Over temperature protection

[nono]

These days I'm designing a high power audio amplifier. I'm thinking of using a thermistor for identifying excessive temperature in power transistors. There are two types of thermistors available in the market as NTC and PTC thermistors . Im not sure which type is most suitable for the application. Can someone help me?

[Thecomedian]

PTCs increase in resistance with heat. NTCs decrease in resistance with heat. If you want thermal protection for something getting hot, PTC. If you want thermal protection against "surge" as a high voltage or current is switched on, use NTC.

http://en.wikipedia.org/wiki/Resistance_thermometer#Values_for_various_popular_resistance_thermometers

[nono]

Thanks for your help.

[earthtonesaudio]

Whatever type you use, take a look at the rise/fall times.  Depending on how you intend to protect, you may want a faster or slower response.

Also note that for best accuracy you have to put the thermistor in direct thermal contact with the hot thing, which may require special hardware.

I recall taking apart a power supply that had the thermistor bolted to the heatsink right next to one of the power transistors, so that's one possible way.

[R.G.]

All very good advice.

NTCs have pretty smooth changes in resistance per change in temperature, so they are very good for set-to-any-temp trip points. PTCs tend to have a more sudden transition, where they're low(ish) resistance up to some temperature, then the resistance increases dramatically with each increase in temperature. That makes them better suited to applications where you know ahead of time exactly the temperature you want them to "trip" at.

I would probably go for the NTC for the easier adjustability as long as the supervisory circuits that read the NTC were easy to adapt to it and also easy to adapt to doing whatever shutdown/cool-off method you're using.

I've thought about this exact question a number of times. Here are few of those thoughts in random order.
- The old standard way to overtemp protect things was with a bimetal snap action temperature switch. These were used to open the incoming AC power. They worked well as long as you could stand the slow-ish time lag between the output devices heating and the switch opening, and were OK with running high voltage AC power (= hummmmmm) around back in your audio signal circuits.
- Silicon diode junctions have a predictable temperature coefficient too. This is why they're often used in bias compensation networks.

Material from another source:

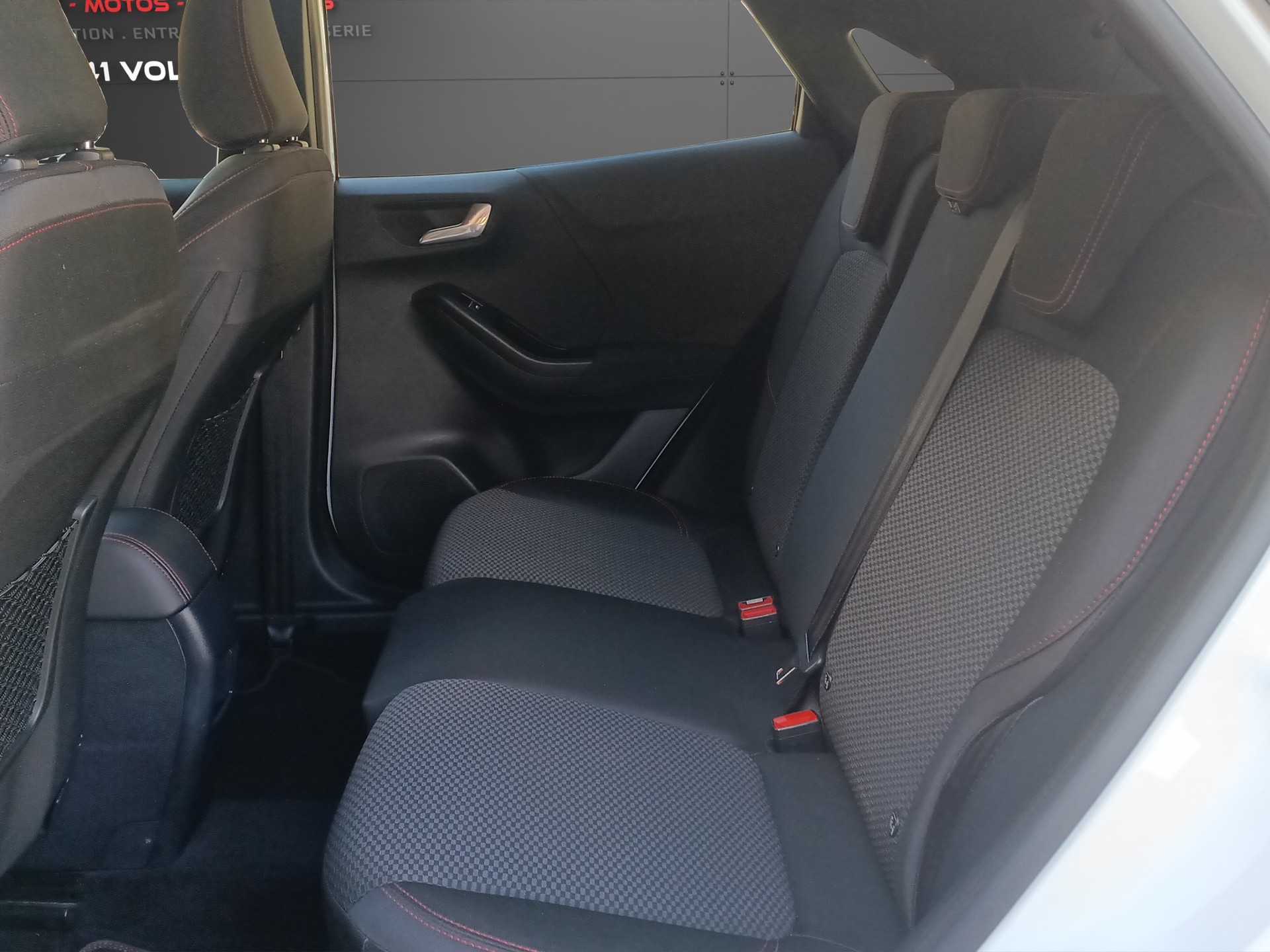FORD Puma 1.0 MHEV ST-Line-image-11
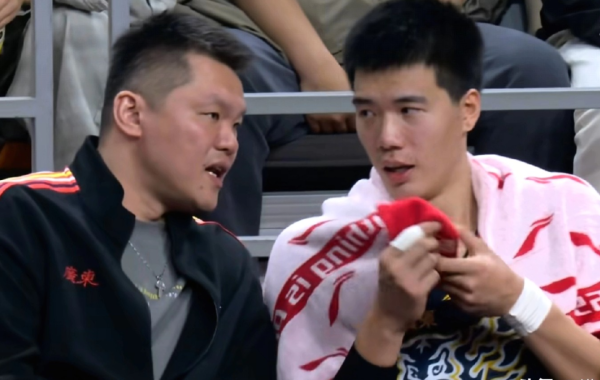 广东队重磅引援，打了6分钟3犯规，被杜锋弃用 球迷：引了个安逸孤身一人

An extra silicon transistor on the heat sink, perhaps used as a Vbe multiplier to put out a higher voltage, also gives a good temperature signal. It's negative-coefficient too, as its voltage decreases with increasing temperatures.
- There are some three-pin temperature reading ICs designed to work as programmable thermostats. They give you a clean logic high (or low; can't remember) when their temperature crosses a boundary.
All of the temp reading devices except the bimetal switch need some circuitry to feed them the right voltage and sense when an overtemp happens, and then to do the right things about the overtemp happening. Going analog works fine for the NTC, PTC, and semiconductor junctions. Analog also works for the thermostat ICs if you have some way of telling it ahead of time "trip at 73.4C". The analog will consist of some kind of comparator circuit to sense the trip point and then some circuitry to turn power on/off or limit/mute signal, whatever you want to do to cool down.

These days, I'd probably program a PIC to read the temperature device, then do whatever I wanted, but that's only feasible because I've gotten over the hump of being able to simply and easily program a single PIC (or other uC).

[amptramp]

There used to be an item called a Globar resistor that started at high resistance and went lower as it heated up.  It was used to limit the inrush surge in tube televisions.  Since the last tube television (in fact, the last mass produced tube anything) was the 1982 GE Portacolor, these are generally found as new old stock.  There was a version that was plugged into a wall socket and had a socket itself so the globar was in series with whatever you plugged in.  But it served mainly as inrush protection, not as a temperature sensor.

[R.G.]

These are still around as inrush current limiters. They're especially needed for the inputs of switching power supplies where inrushes can be ...huge...

They're pretty common.

But you're right, they're not all that useful as temp sensors, being mostly used in the self-heat mode and fairly massive. For sensing temps, you want low mass to heat quickly.